◆ **Goal of the exercise**:
Begin your copy at the line that holds "Pilots Troy Bradley" and carry it through the final line of the data, writing out each line exactly and omitting pictures.

◆ **Information provided**:
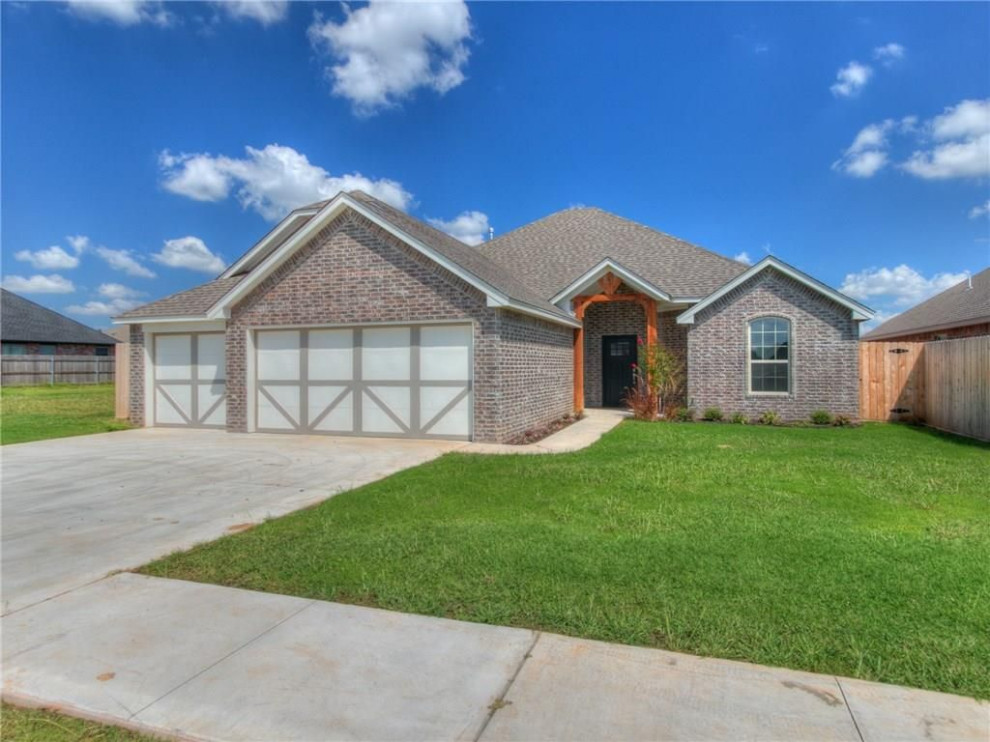 3 car garage with brick and neutral colors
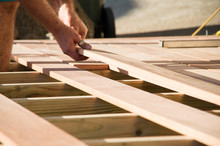 Man Placing A Plank Of Wood In A Deck Home Renovation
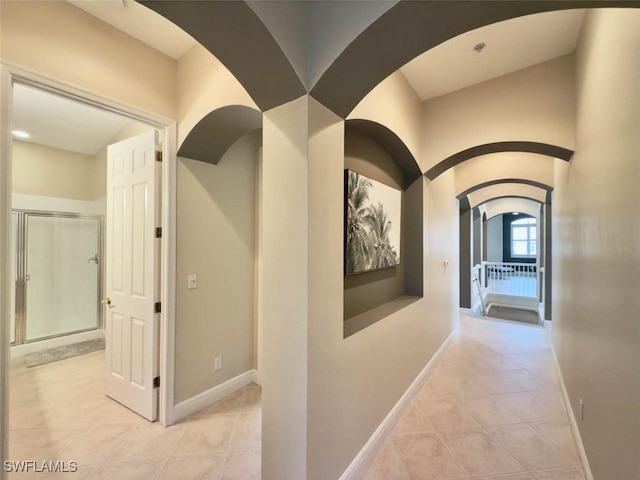 5956 Tarpon Gardens Cir Unit 201, Cape Coral, FL 33914 - hall with tile patterned floors, baseboards, and arched walkways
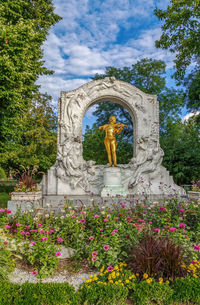 Statue amidst flowering plants against sky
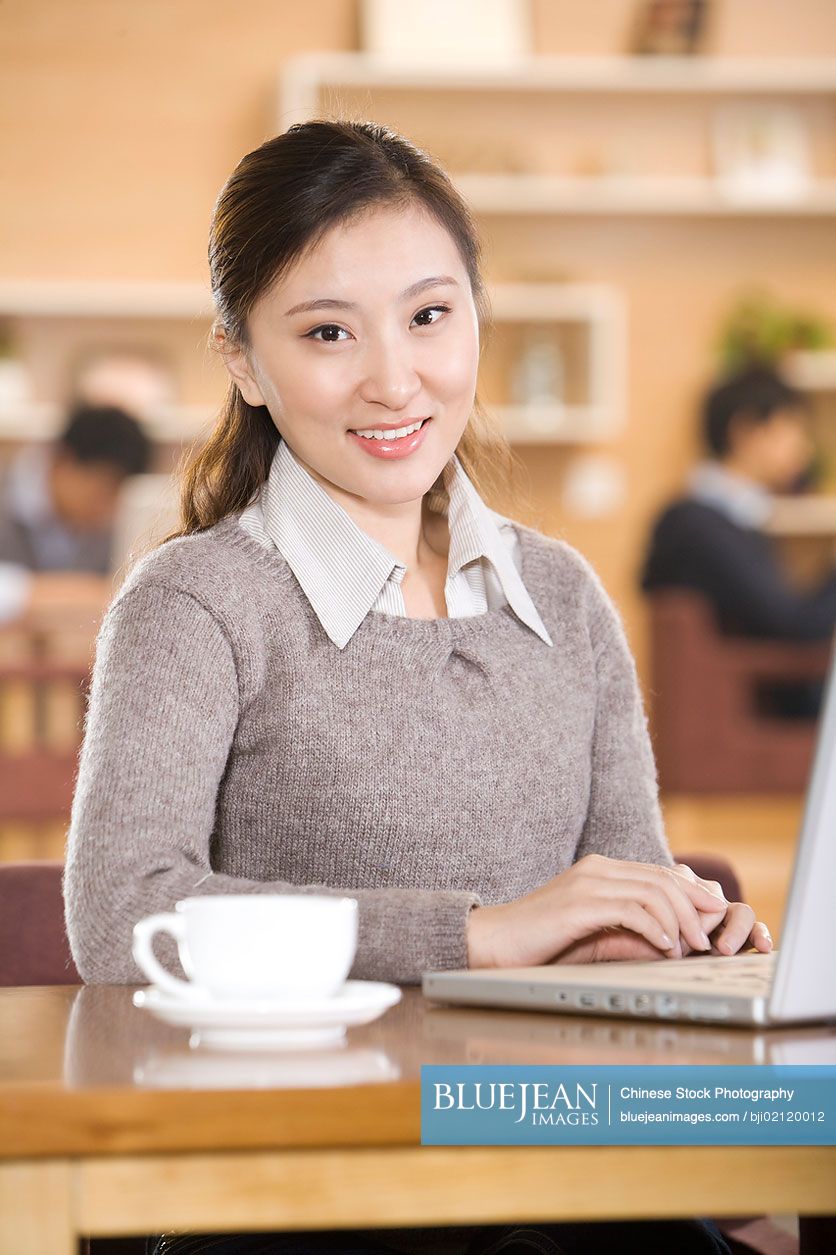 Young Chinese man using laptop at coffee shop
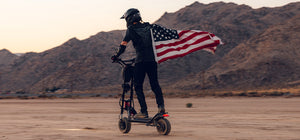 a man wearing a US national flag riding Kaabo Wolf Warrior 11 scooter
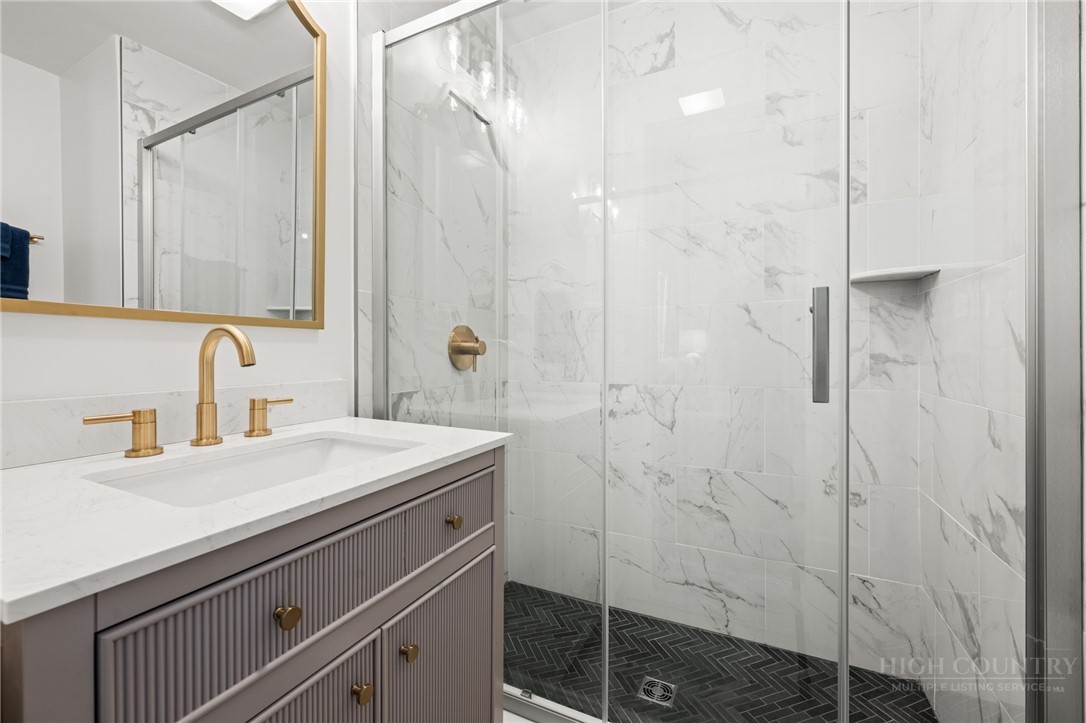 811 Pine Ridge Road Beech Mountain, NC 28604 - Photo 13 of 26 a bathroom with a sink a vanity and a shower
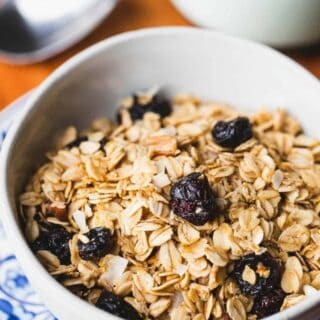 A white bowl filled with granola sits on a blue plate.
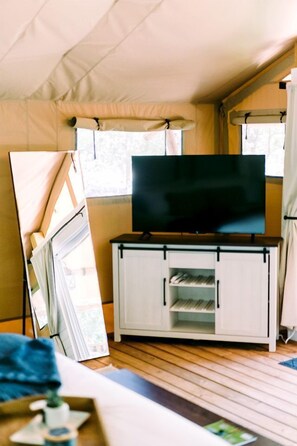 Una habitación con carpa, un televisor de pantalla plana sobre un soporte de madera, un armario blanco con estantes y una ventana con cortinas.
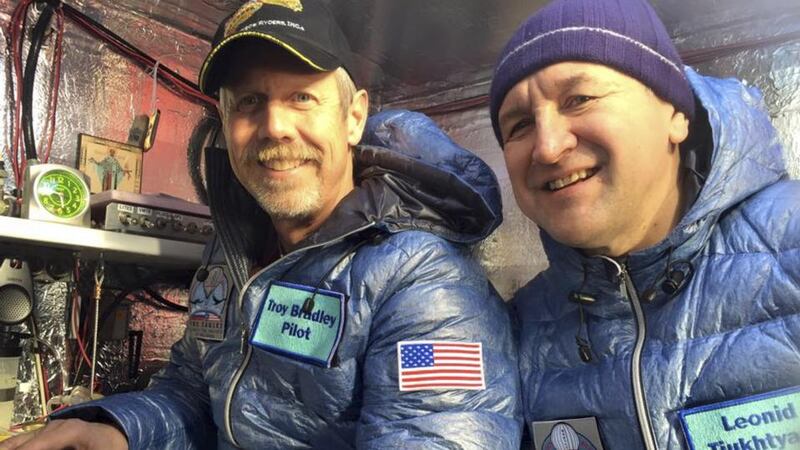 Pilots Troy Bradley and Leonid Tiukhtayev sit in the capsule of the Two Eagles balloon before setting off on their attempt to cross the Pacific by balloon and set a new distance and duration record. Photograph: Tamara Bradley/Two Eagles Balloon Team/Reuters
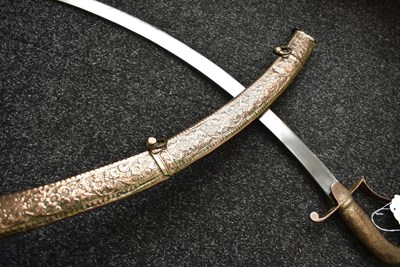 Lot 46 - A 19TH CENTURY SIKH SHAMSHIR SHIKARGAR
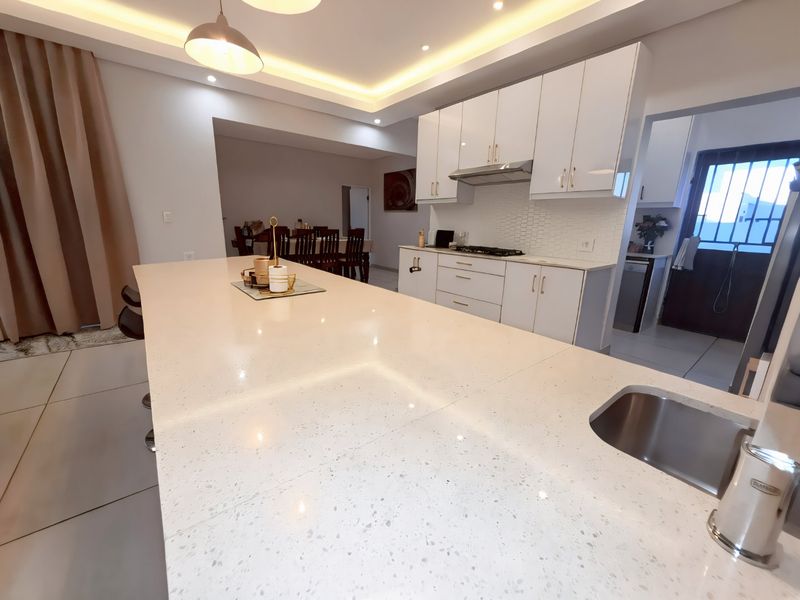 Modern open-plan kitchen featuring a large quartz island, sleek white cabinetry, integrated gas hob, and recessed ceiling lighting, flowing into the dining area.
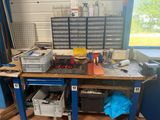 a workbench with a lot of tools on it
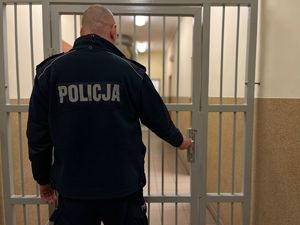 na zdjęciu policjant stoi tyłem przy kracie z więzienia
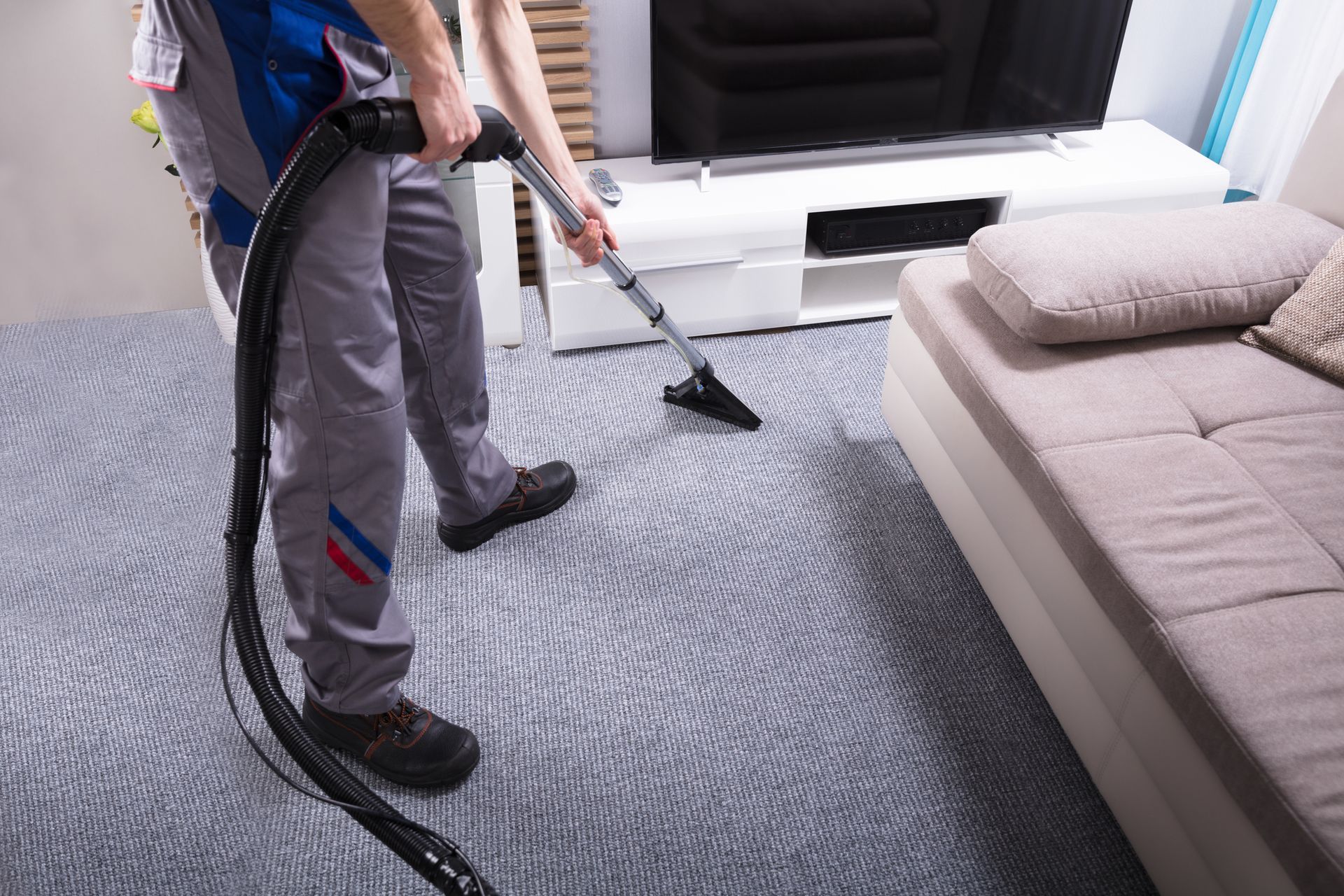 Close-up of worker using a vacuum cleaner to perform residential carpet cleaning in a living room.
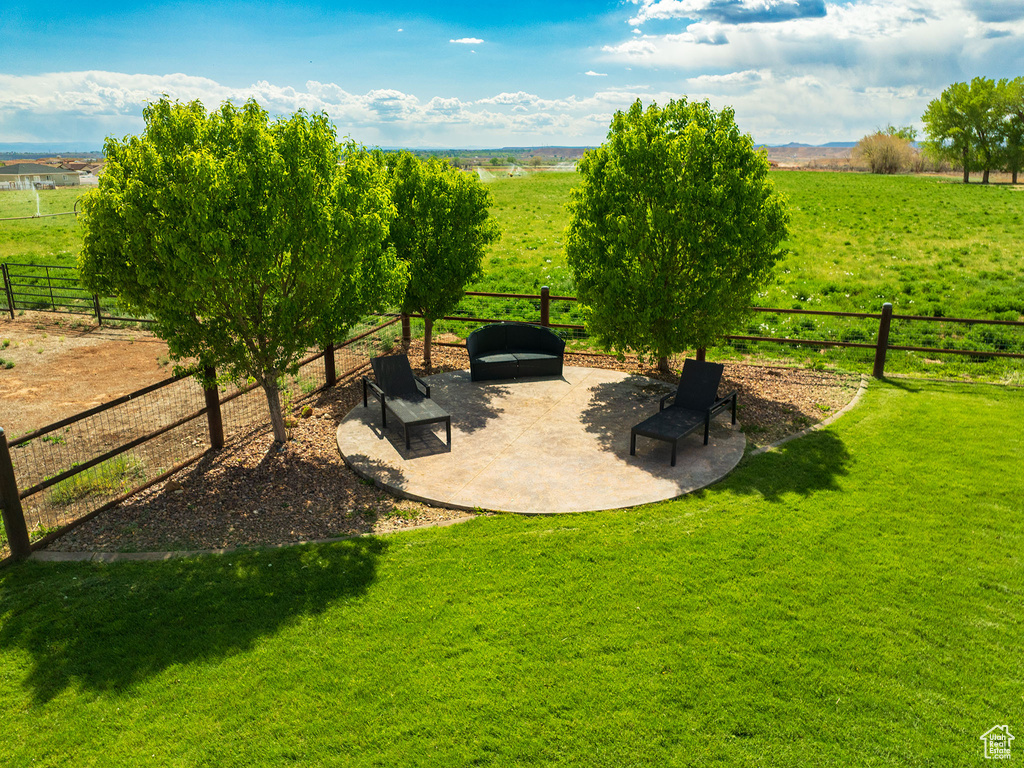 View of yard with a view of countryside and a patio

◆ **Task output**:
 Pilots Troy Bradley and Leonid Tiukhtayev sit in the capsule of the Two Eagles balloon before setting off on their attempt to cross the Pacific by balloon and set a new distance and duration record. Photograph: Tamara Bradley/Two Eagles Balloon Team/Reuters
 Lot 46 - A 19TH CENTURY SIKH SHAMSHIR SHIKARGAR
 Modern open-plan kitchen featuring a large quartz island, sleek white cabinetry, integrated gas hob, and recessed ceiling lighting, flowing into the dining area.
 a workbench with a lot of tools on it
 na zdjęciu policjant stoi tyłem przy kracie z więzienia
 Close-up of worker using a vacuum cleaner to perform residential carpet cleaning in a living room.
 View of yard with a view of countryside and a patio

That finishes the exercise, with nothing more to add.